Washington Post Blog, 14 October 2011
Posted by Brad Plumer
When it comes to infrastructure spending, politicians tend to prefer gleaming new roads and highways over humdrum repairs. A brand-new highway is exciting: there’s a ribbon-cutting, there’s less need to clog up existing roads with orange cones and repair crews. So it’s not surprising that 57 percent of all state highway funding goes toward new construction, even though this represents just 1.3 percent of the overall system. Yet many transportation reformers have long argued that this bias against fixing what we already have is a terrible way to do business.
Case in point: This week, Taxpayers for Common Sense released a report noting that 11.5 percent of the nation’s 600,000 bridges are “structurally deficient” in some way. That doesn’t mean these bridges will fall down tomorrow (although, in extreme cases, it can mean that; the I-35W Mississippi River Bridge in Minneapolis was rated “structurally deficient” just two years before it collapsed in 2007). But it suggests that our priorities might be out of whack, says TCS transportation analyst Erich Zimmermann, especially in an era where funds are tight.

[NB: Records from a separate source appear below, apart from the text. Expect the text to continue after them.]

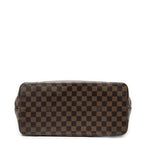 Louis Vuitton - Hampstead - Marron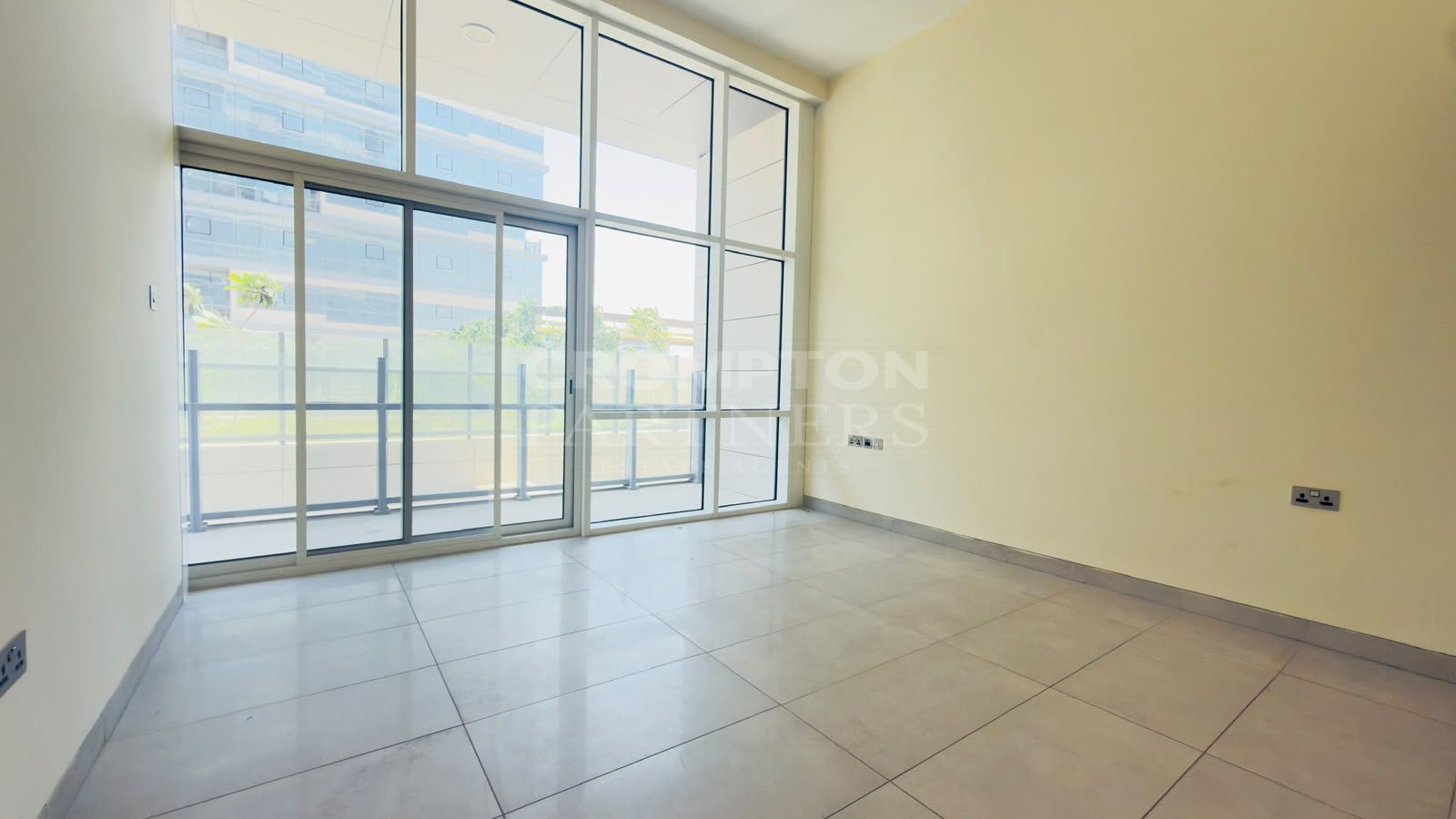 Actual Unit Photos | Vacant | Inquire Now - Photo 4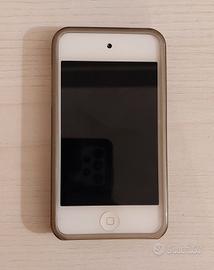 iPod touch 4 generazione 32 gb funzionante 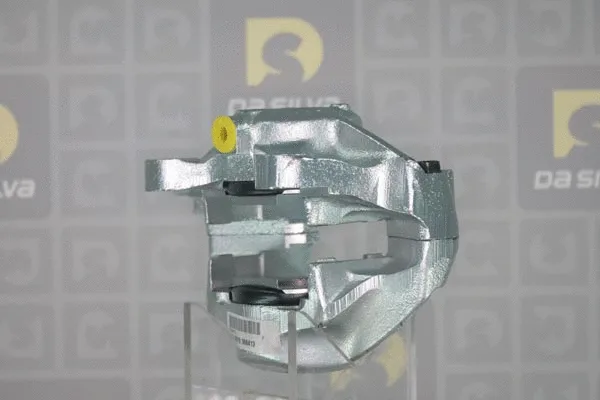 Brake Caliper (ET3225)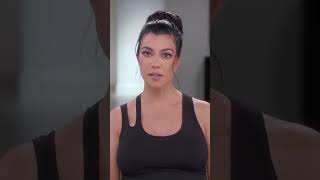 Kourtney Kardashians Fathers Day MISTAKE See The Post That Has EVERYONE Talking ️ [upl. by Narag]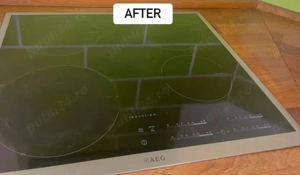 Ofer servici de Menaj - imagine 4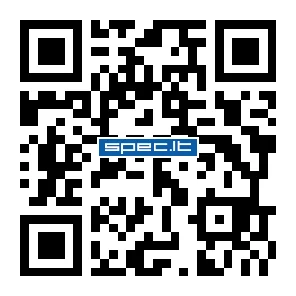 QR kodas | Gramis, MB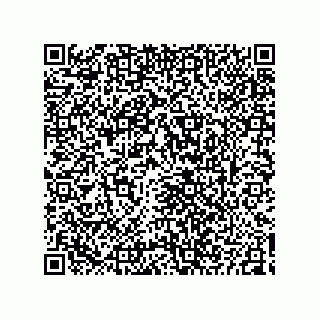 vCard 73824545384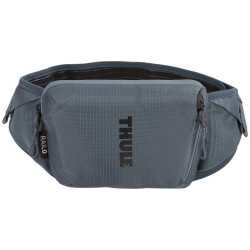 Купити Сумка на пояс Thule Rail Hip Pack 0.5L (TH 3204479)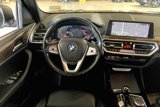 Used 2022 BMW X3 xDrive30i w/ Convenience Package image 5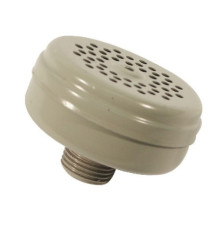 Escape 1/2" Briggs and Stratton - 299106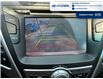 2015 Hyundai Elantra Limited (Stk: S169A) in Chatham - Image 18 of 23
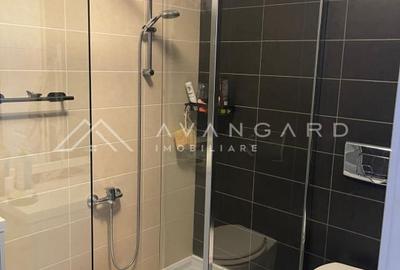 Duplex la cheie in cartierul Europa – modern si elegant, locatie de top - 20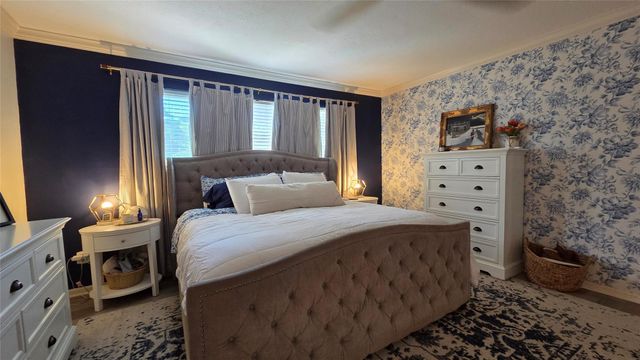 3407 Flaming Candle Drive, Spring, TX 77388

Earlier this year, UCLA economist Matthew Kahn and the University of Minnesota’s David Levinson made a more detailed case for a “fix-it first” strategy for transportation spending. They note that, at the moment, federal highway spending doesn’t usually get subjected to strict cost-benefit analysis, and there’s usually public pressure to build new roads and bridges rather than maintain existing ones. You see this pressure in all sorts of subtle ways: When a highway gets clogged, it’s a lot more palatable to expand lanes rather than, say, put in place congestion fees — even though research has found that widening highways doesn’t do much to alleviate traffic jams.